Report d’amortissements, des règles assouplies

L’amortissement consiste, pour un bien qui sert l’entreprise de manière durable, à étaler le coût d’un investissement sur sa durée d’utilisation. « Pour un bien qui va être utilisé sur plusieurs années par l’entreprise, on va répartir la charge correspondant à la perte de valeur de ce bien en fonction de la durée ou du rythme d’utilisation », explique Noura Khaouani, expert-comptable au cabinet Lorgec, membre de France Défi. L’amortissement peut être pratiqué de manière linéaire dans le temps ou en fonction d’unités d’œuvre déterminées pour refléter au mieux la consommation des avantages économiques que l’investissement procure à l’entreprise. « Dans l’industrie, on peut ainsi amortir une machine en fonction du nombre de pièces produites », illustre l’expert-comptable.

Dans cette situation, en cas d’arrêt d’activité, la machine produisant moins, son amortissement se trouve déjà réduit. En revanche, lorsque l’amortissement est linéaire, « il n’est en principe pas possible de l’interrompre », précise Noura Khaouani. Les règles ont donc été assouplies sur ce point afin de permettre aux entreprises les plus ébranlées par la crise sanitaire de différer certains amortissements. « Cela permet d’améliorer le résultat d’exploitation et, derrière, les capitaux propres de l’entreprise », explique la spécialiste.

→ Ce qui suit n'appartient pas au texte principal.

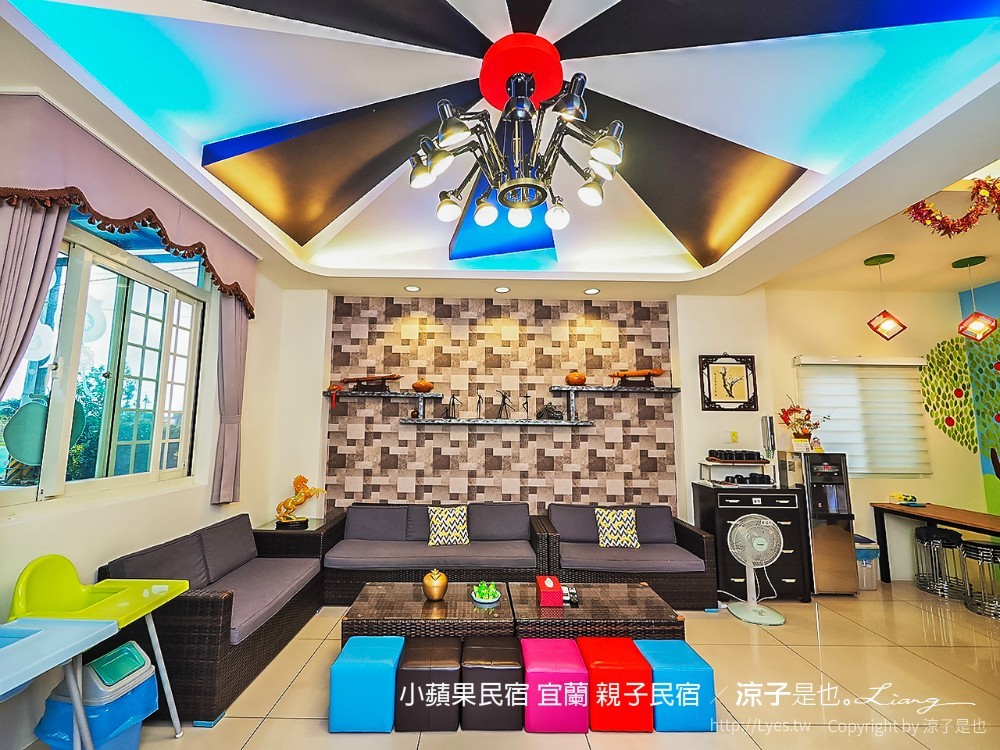 小蘋果民宿 宜蘭民宿 住宿 包棟民宿 親子民宿 烤肉 景點推薦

Pour certaines entreprises seulement

Cette possibilité s’adresse seulement aux entreprises les plus impactées notamment celles ayant subi des restrictions administratives d’activité.

« Cela vise par exemple les hôtels, les cafés et les restaurants, les remontées mécaniques ou les discothèques  » – Noura Khaouani, expert-comptable chez Lorgec

En outre, certaines immobilisations ne peuvent pas faire l’objet de ce report d’amortissement. « La structure d’un immeuble d’un hôtel subit par exemple une usure physique même si l’hôtel reste fermé. Il faut donc maintenir dans les comptes l’amortissement initialement prévu », souligne Noura Khaouani.

Pour les biens pour lesquels le report est possible, il se traduit par une révision du plan d’amortissement initialement prévu. « On va repousser la durée d’amortissement en modifiant le plan sur l’exercice en cours et les exercices futurs, expose l’expert-comptable. Pour les petites entreprises, il est possible de considérer que les périodes d’interruption de l’activité sont représentatives d’une moindre consommation des avantages économiques de l’immobilisation concernée et de reporter à la fin du plan d’amortissement initial les dotations aux amortissements ainsi différées ». Les petites entreprises concernées par cette exception sont les entreprises  qui ne dépassent pas deux des trois seuils suivants : 50 salariés,  un chiffre d’affaires de 12 millions d’euros, un total de bilan de 6 millions d’euros.

Les règles fiscales impliquant un amortissement minimal, des écritures d’amortissement dérogatoires devront cependant être comptabilisées.